Task item:
What is wanted is every line below from the one with "USS Porter (DDG 78) Norfolk" up to and including the one with "Playa en los alrededores", retyped exactly, pictures excluded, nothing else.

Study material:
=-=-=-=-=

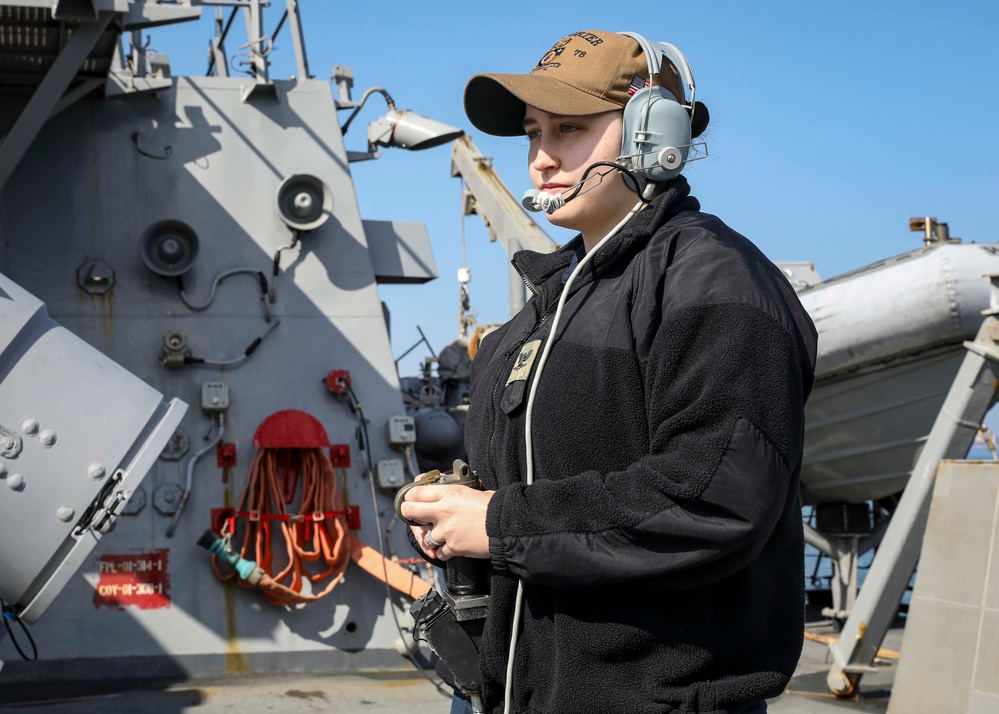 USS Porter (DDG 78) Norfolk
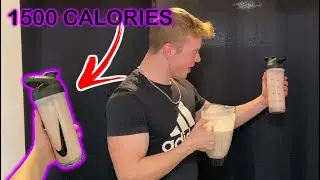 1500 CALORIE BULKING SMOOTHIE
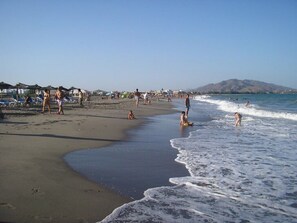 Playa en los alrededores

=-=-=-=-=

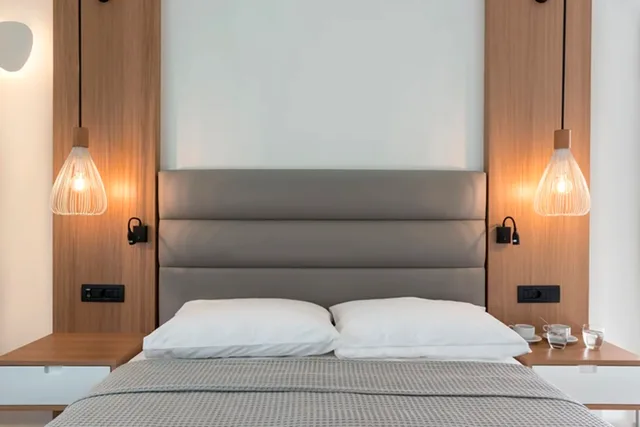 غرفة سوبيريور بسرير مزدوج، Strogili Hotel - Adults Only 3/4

=-=-=-=-=

Exercise answer:
 USS Porter (DDG 78) Norfolk
 1500 CALORIE BULKING SMOOTHIE
 Playa en los alrededores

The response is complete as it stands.